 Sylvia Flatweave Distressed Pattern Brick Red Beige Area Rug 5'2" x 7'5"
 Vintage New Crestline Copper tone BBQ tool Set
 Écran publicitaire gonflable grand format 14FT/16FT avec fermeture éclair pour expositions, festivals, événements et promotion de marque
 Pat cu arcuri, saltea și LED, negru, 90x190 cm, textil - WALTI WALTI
* * * *
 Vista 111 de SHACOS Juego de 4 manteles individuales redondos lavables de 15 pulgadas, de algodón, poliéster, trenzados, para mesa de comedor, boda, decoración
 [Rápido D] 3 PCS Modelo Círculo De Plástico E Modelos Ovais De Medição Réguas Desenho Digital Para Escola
* * * *
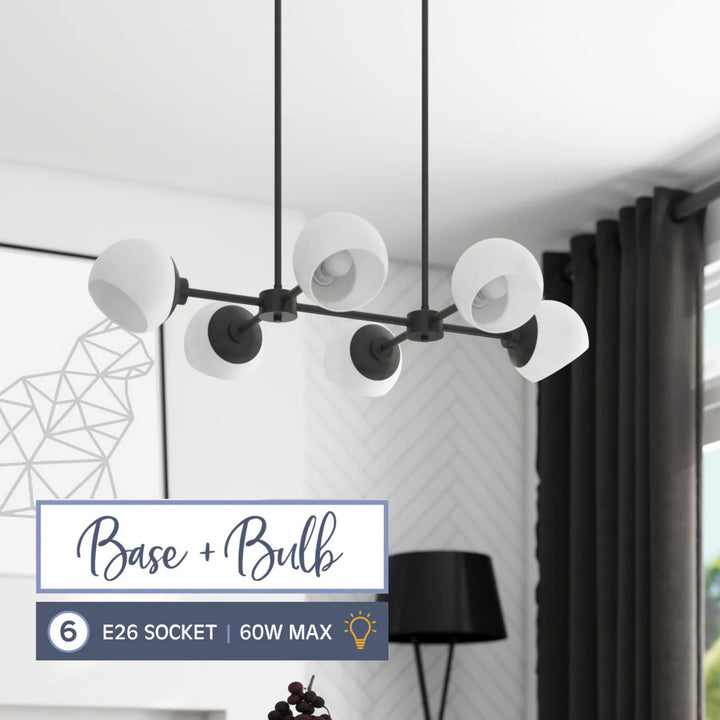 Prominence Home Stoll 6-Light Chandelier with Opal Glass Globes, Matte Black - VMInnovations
* * * *
Requirement |
Repeat the entries above verbatim, but only from the line that has "Écran publicitaire gonflable" down to the line that has "Pat cu arcuri, saltea", inclusive.

Response to this task |
 Écran publicitaire gonflable grand format 14FT/16FT avec fermeture éclair pour expositions, festivals, événements et promotion de marque
 Pat cu arcuri, saltea și LED, negru, 90x190 cm, textil - WALTI WALTI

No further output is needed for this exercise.